Oct 25, 2009 22:19
It's been a while since I wrote here. Actually I haven't written anything lately.
Lot have changed. I'm a bit lost. I lost the big connection I had with church. I stopped watching my favorite shows, reading my books, singing (what I usually did in church) and I'm not sure if I feel like studying as hard as I used to.
I lost my hours of sleep, the regularity of my meals and my timing in general.
I'm suddenly no longer the girl who had her father picking her up when she only one block away from home, or the girl who doesn't know how to take a bus.
I no longer have someone to cook for me, or to clean my house and wash my clothes, or to drive me, or to push me into studying.
I no longer have someone to talk to when I wake up, to make me coffee and buy some bread.
I do it all now. I mean, I don't buy any bread in the morning, but I do the rest.
And that's this year. This semester actually.
Considering that last semester I was deeply involved in the furniture business and teaching high school subjects, but already with no books - that was really weird...I would have normally read a lot..

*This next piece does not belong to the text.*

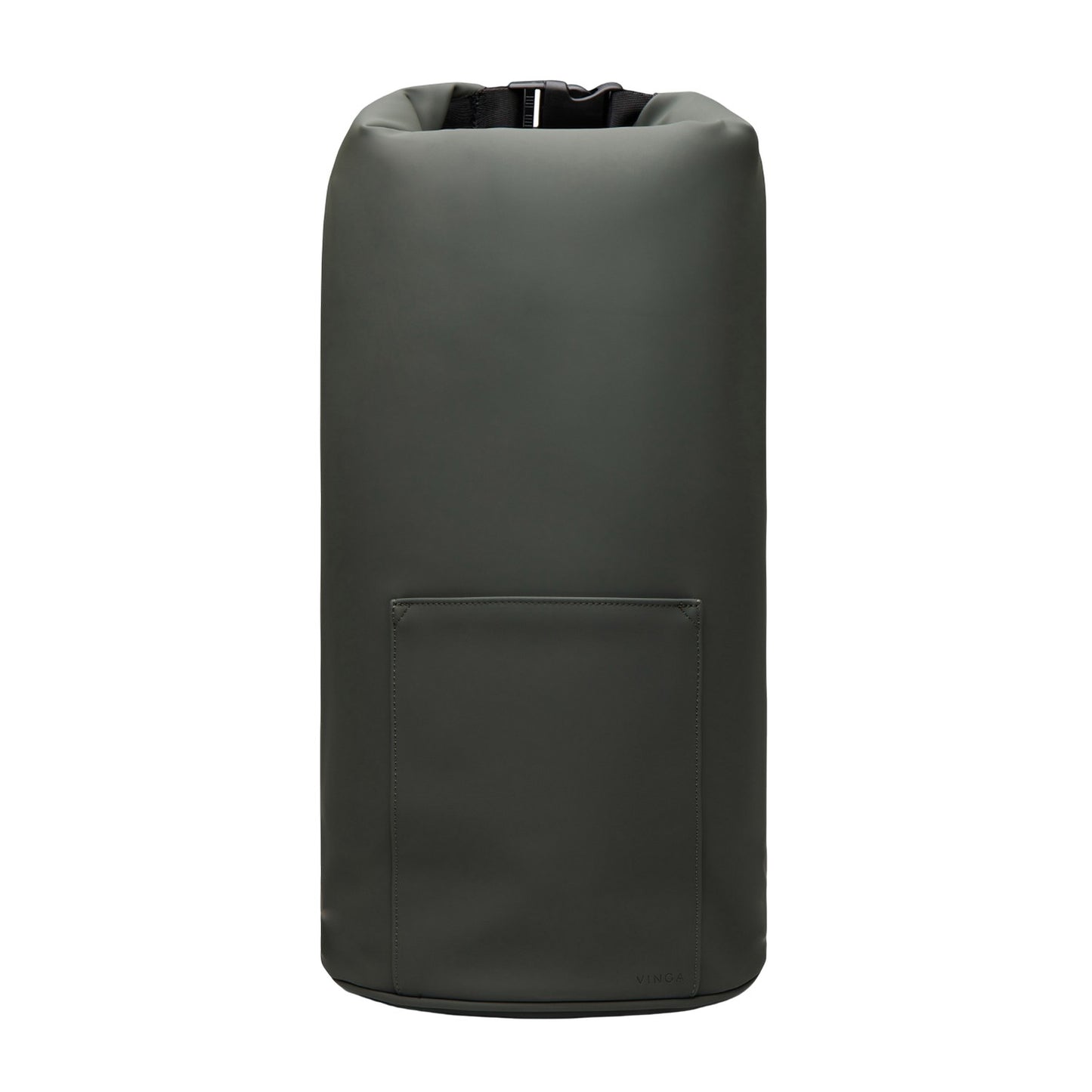 Green - Front - Vinga Baltimore Recycled Roll Top Cooler Bag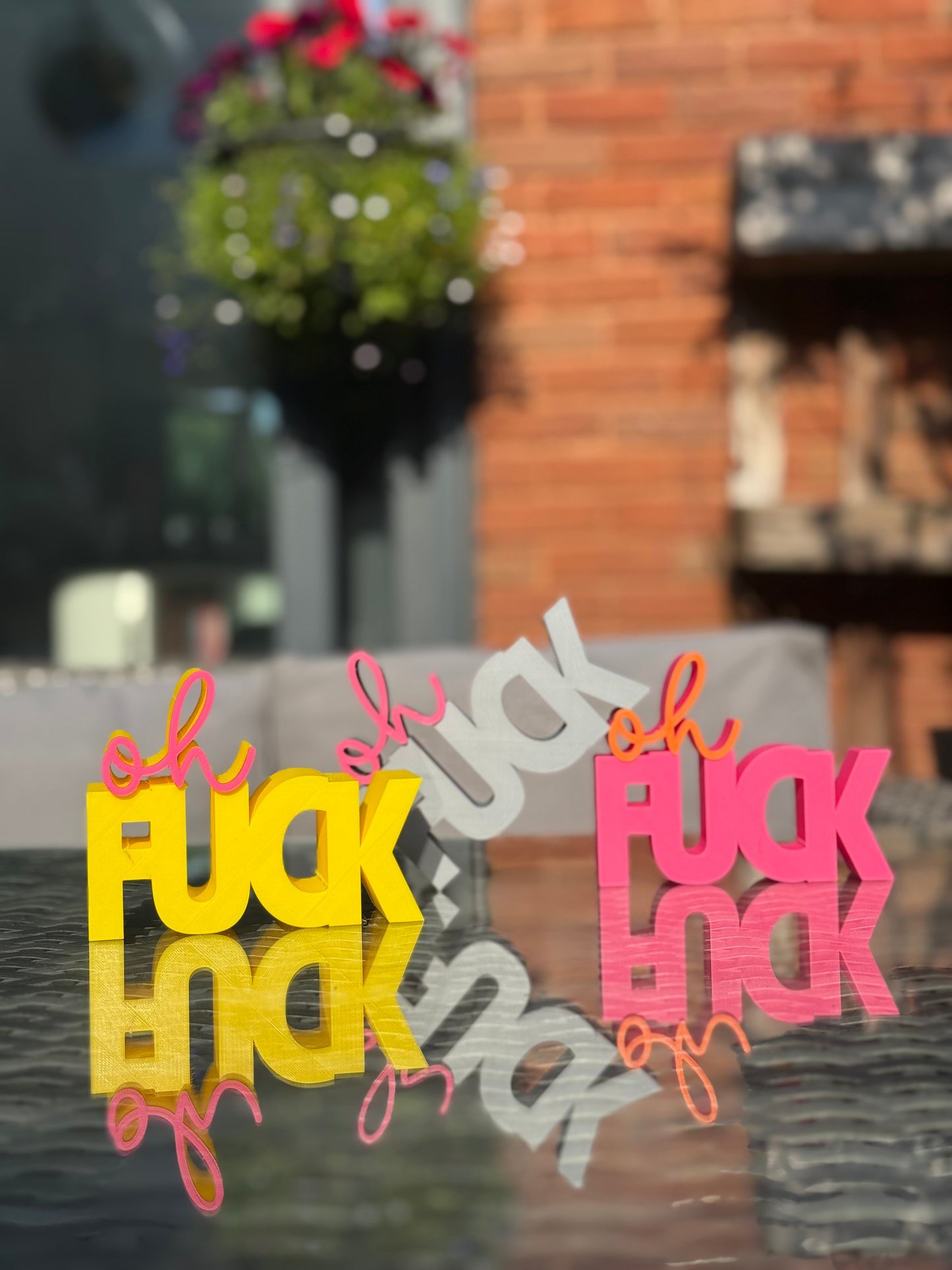Bold "Oh Fuck" Shelf Sign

Anyway, I'm all weird now. I still gotta get used to myself, so I can't really expect that anyone will really get to know me, since I don't.
But we always get some illusions you know? Especially me, I've always been so silly. But I can't be a kid, though I'd really like to.
Still I'll always be a kid when I'm back home, which is also not right but..
I gotta stop complaining xp
Set the alarm for 7 am again
Haven't spoken to you since God-knows-when
Must have crushed our hearts this silent plan
But we all feel/fell apart when the play ends
And it has just began
Will it be the same
Once the circus's gone
The trampolines won't catch our falls
and monkeys won't come out to play
We'll be caught between real walls
whit bricks an all those sort of things
Our laughs could be misunderstood
our eyes should be more open
But in someway changes can be good
do you remember I never really liked the clowns?